TASK STATEMENT
From the data below, repeat exactly the lines from the line with "Pennysue Women's Black" to the line with "Corduroy Tote Bag", both included.

RECORD EXTRACTS
#####
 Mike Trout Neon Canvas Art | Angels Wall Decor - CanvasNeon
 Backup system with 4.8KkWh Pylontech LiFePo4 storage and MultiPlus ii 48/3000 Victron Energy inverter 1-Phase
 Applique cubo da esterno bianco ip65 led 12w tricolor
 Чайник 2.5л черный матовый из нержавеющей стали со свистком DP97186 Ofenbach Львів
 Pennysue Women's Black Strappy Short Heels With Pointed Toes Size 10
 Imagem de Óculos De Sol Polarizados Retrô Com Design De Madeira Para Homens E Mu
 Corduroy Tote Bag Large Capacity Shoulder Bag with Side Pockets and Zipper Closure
#####
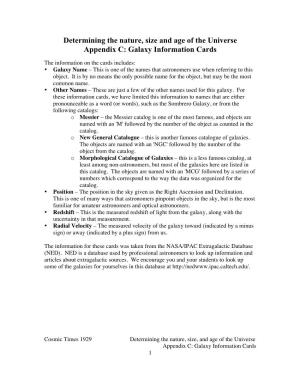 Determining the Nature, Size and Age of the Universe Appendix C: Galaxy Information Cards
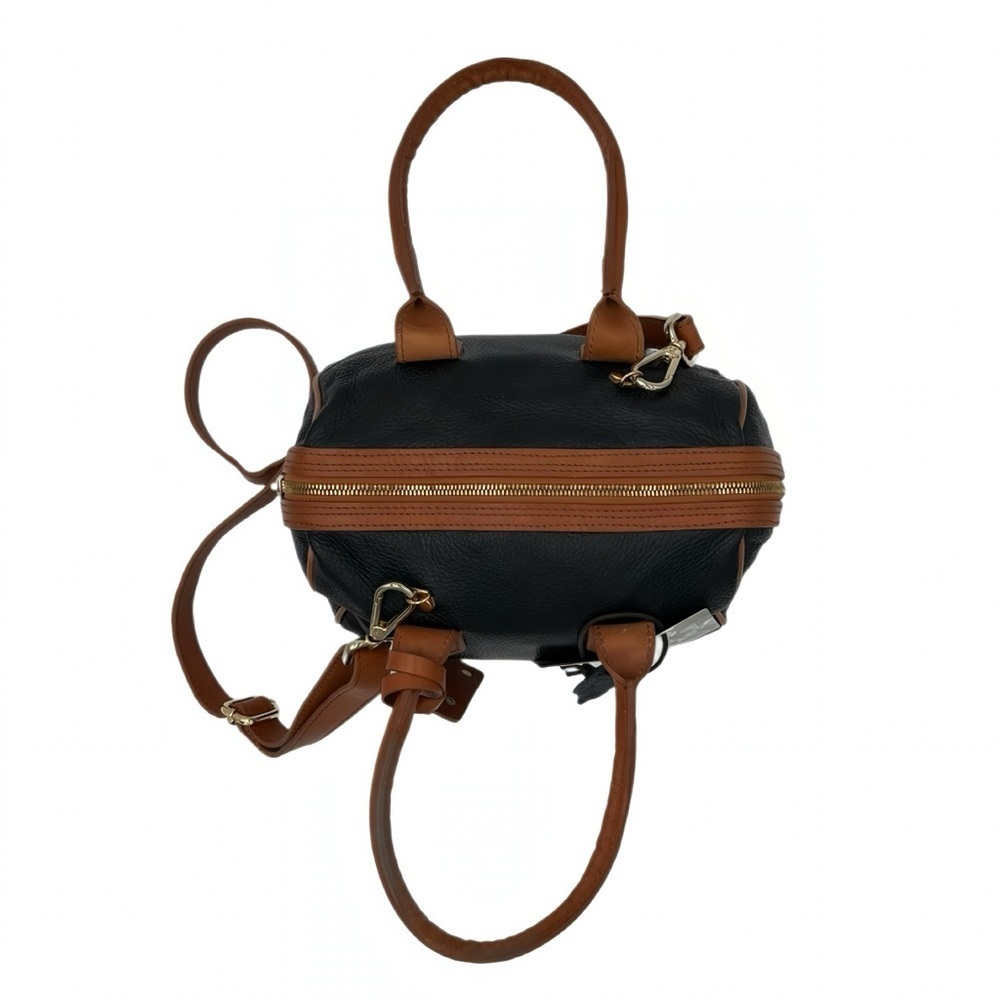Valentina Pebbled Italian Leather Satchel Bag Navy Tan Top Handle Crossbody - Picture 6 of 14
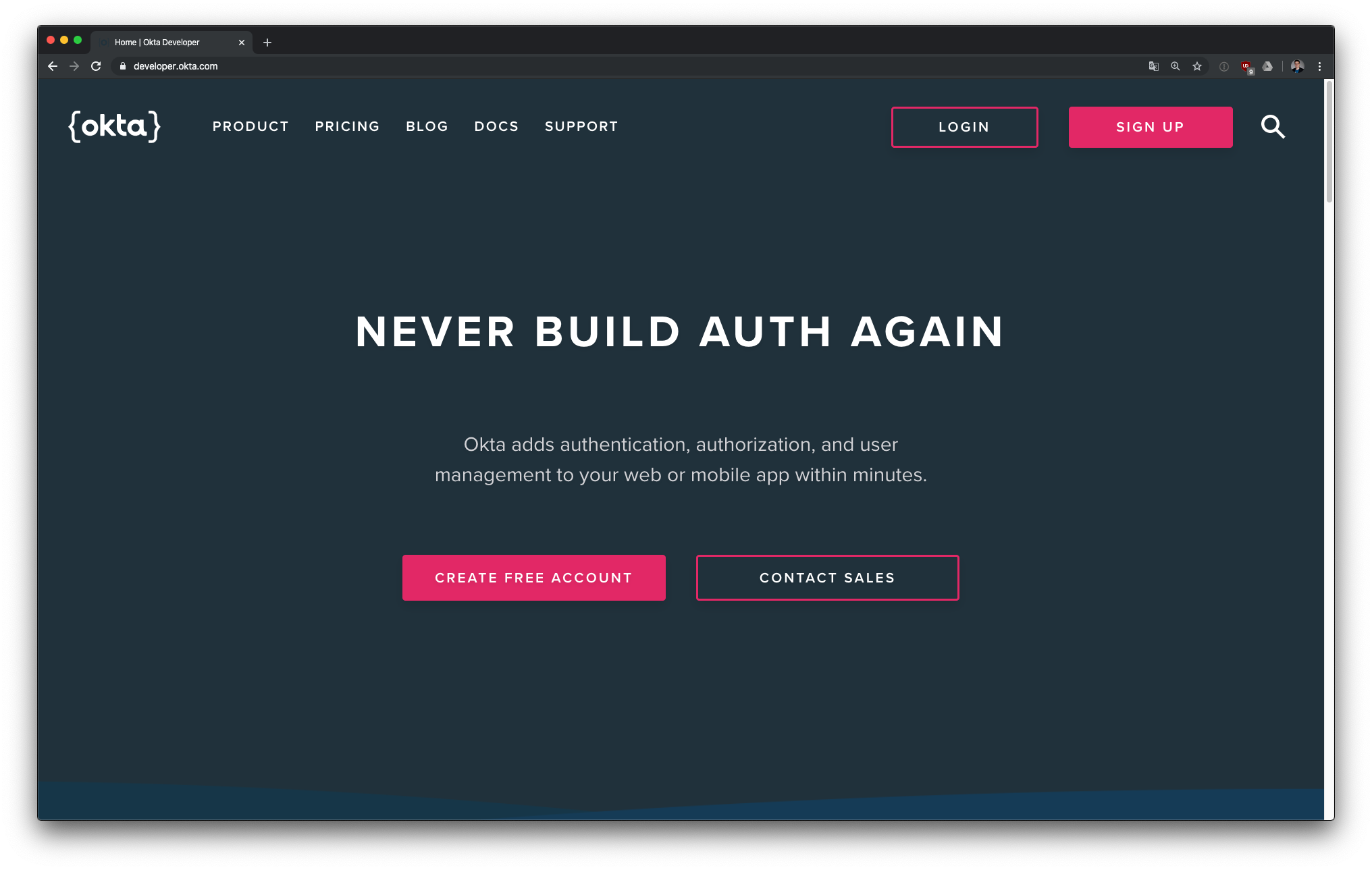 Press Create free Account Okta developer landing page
#####
ANSWER TO THE PROBLEM
 Pennysue Women's Black Strappy Short Heels With Pointed Toes Size 10
 Imagem de Óculos De Sol Polarizados Retrô Com Design De Madeira Para Homens E Mu
 Corduroy Tote Bag Large Capacity Shoulder Bag with Side Pockets and Zipper Closure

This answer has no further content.